文教大学(ぶんきょうだいがく、英: Bunkyo University)は、日本の私立大学のひとつであり、教員養成で知られる文科系総合大学である。

目次 [非表示]
1 概要
2 学風
2.1 越谷校舎
2.2 湘南校舎
3 所在地・構成
3.1 キャンパス
3.2 施設など
4 沿革
5 教育研究組織
5.1 学部
5.2 大学院
5.3 専攻科
5.4 別科
5.5 短期大学部
6 課外活動・学生自治
6.1 越谷校舎
6.2 湘南校舎
7 施設
7.1 図書館
7.2 研究所
7.3 センター
8 附属学校
9 著名人
9.1 卒業生
9.2 教職員・元教職員
10 関連項目
11 外部リンク

概要
文教大学には、埼玉県越谷市の越谷キャンパス、神奈川県茅ヶ崎市の湘南キャンパスがある。設置者は、学校法人文教大学学園である。建学の精神は、立正精神に基づく人間愛であり、創立記念日は、立正裁縫女学校の開設日である10月17日である。学校法人文教大学学園の本部は、東京都品川区旗の台におかれているが、文教大学の本部は、埼玉県越谷市南荻島におかれている。

文教大学は、元々は女子校であり、1966年(昭和41年)に立正女子大学(りっしょうじょしだいがく)という名称で開学したが、男女共学にしたときに現在の「文教大学」の名称に改めた。

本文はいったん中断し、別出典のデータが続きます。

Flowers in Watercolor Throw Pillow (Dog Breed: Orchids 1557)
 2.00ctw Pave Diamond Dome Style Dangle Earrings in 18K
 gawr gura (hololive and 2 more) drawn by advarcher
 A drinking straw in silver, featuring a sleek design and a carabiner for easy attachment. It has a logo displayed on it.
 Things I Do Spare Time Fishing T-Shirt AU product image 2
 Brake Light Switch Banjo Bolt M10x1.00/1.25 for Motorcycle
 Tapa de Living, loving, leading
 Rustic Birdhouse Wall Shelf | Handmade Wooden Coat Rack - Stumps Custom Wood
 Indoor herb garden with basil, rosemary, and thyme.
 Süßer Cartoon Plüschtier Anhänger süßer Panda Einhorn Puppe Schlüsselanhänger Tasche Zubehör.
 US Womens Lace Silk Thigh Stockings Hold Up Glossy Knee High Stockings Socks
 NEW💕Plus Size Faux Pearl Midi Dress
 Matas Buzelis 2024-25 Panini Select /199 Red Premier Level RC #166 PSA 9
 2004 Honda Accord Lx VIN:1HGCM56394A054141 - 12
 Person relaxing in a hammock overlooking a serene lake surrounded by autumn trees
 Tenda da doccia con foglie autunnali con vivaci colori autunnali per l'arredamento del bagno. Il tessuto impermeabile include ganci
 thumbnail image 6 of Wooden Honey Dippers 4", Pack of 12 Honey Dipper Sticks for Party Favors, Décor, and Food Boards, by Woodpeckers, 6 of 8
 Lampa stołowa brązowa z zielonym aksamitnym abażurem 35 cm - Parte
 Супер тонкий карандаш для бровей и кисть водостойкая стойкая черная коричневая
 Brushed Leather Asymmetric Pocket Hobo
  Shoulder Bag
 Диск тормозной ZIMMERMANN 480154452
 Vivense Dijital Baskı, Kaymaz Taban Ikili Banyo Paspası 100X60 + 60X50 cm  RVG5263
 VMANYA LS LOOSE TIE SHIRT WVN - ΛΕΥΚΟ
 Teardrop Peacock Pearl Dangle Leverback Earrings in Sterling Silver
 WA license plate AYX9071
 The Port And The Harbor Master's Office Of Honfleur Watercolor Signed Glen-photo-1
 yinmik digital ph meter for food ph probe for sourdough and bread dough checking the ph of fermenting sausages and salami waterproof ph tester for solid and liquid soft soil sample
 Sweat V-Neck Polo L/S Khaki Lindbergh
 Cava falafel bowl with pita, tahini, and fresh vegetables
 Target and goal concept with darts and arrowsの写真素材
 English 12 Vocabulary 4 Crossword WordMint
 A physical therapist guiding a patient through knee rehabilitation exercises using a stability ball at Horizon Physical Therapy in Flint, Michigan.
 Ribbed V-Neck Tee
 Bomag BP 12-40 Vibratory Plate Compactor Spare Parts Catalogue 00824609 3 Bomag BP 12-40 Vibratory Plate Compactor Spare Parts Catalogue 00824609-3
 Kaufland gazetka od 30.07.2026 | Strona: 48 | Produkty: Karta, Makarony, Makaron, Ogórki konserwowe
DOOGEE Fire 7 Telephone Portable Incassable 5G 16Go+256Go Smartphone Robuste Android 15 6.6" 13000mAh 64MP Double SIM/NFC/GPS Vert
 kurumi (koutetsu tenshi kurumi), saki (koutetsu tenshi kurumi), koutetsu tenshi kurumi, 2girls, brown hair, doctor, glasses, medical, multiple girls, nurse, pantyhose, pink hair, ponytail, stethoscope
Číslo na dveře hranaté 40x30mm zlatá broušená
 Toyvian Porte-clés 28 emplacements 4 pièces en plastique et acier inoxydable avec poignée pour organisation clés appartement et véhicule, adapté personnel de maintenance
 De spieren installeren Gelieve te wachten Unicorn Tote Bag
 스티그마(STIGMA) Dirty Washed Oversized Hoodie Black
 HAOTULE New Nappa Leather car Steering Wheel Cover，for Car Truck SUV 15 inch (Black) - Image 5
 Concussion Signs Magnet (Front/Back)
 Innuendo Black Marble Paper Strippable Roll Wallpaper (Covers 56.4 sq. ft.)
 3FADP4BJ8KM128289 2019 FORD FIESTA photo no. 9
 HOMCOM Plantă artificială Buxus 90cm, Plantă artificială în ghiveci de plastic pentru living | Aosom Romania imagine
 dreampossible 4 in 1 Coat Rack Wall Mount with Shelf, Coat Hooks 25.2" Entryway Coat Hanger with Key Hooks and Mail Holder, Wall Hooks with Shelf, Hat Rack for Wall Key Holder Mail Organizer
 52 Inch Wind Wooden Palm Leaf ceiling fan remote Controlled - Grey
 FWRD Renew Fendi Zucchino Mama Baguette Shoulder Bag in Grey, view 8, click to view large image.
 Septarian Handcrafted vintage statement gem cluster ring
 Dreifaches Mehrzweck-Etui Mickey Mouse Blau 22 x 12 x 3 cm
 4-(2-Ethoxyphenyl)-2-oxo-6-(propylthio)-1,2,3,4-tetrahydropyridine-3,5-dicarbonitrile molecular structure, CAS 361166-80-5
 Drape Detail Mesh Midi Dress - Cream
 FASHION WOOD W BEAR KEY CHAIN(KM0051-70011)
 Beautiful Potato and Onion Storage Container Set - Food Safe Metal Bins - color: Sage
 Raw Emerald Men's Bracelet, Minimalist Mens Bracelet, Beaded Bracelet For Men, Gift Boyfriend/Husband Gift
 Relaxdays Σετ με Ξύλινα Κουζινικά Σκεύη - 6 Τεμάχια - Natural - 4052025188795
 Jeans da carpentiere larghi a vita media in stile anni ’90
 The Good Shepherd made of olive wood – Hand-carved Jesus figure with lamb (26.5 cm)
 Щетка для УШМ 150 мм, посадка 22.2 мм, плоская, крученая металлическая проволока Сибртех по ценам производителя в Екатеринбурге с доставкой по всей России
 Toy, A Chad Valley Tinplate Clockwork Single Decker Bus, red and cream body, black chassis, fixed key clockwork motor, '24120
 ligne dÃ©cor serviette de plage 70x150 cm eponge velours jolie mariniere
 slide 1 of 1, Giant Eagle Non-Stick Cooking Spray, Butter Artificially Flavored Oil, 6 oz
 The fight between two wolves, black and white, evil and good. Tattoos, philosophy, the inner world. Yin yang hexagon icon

元々女子教育を行っていた大学であるため、人間性を重視している一方、1980年(昭和55年)に日本の大学として初めて情報学部を設置するなど、主体性を求める学際領域に対しても積極的な大学でもある。現在の文教大学はキャンパスごとに特色が異なり、越谷キャンパスは、教育学部・人間科学部・文学部などによる「人間性」のキャンパスともいえ、湘南キャンパスは、情報学部・国際学部・女子短期大学部(健康栄養学科)などによる「主体性」のキャンパスともいえる。


学風
文教大学全体(越谷・湘南の両校舎)の特徴としては、人に対して優しい気持ちを持っている学生が多いと世間でいわれることが多い。これは、多少の間違ったことをしてしまっても、そのことに対して寛容に扱うという大学内の慣習によって、伸張されているともいわれる。

大学構内で精力的に、授業や課外活動、研究活動などを行う学生も一定の比率で存在し、自己の探求活動を行う場として大学が位置づけられることもある。学生に対する事務局の接し方については、「鬼の教務課、仏の学生課」といって教務課が比較的厳格であり、学生課が比較的柔らかい。ただし、学生生活は、通常の大学と同様で、大学の事務局がすべての学生に対して日常生活に至るまで常に細かな指導を行うということはなく、多様な過ごし方が存在する。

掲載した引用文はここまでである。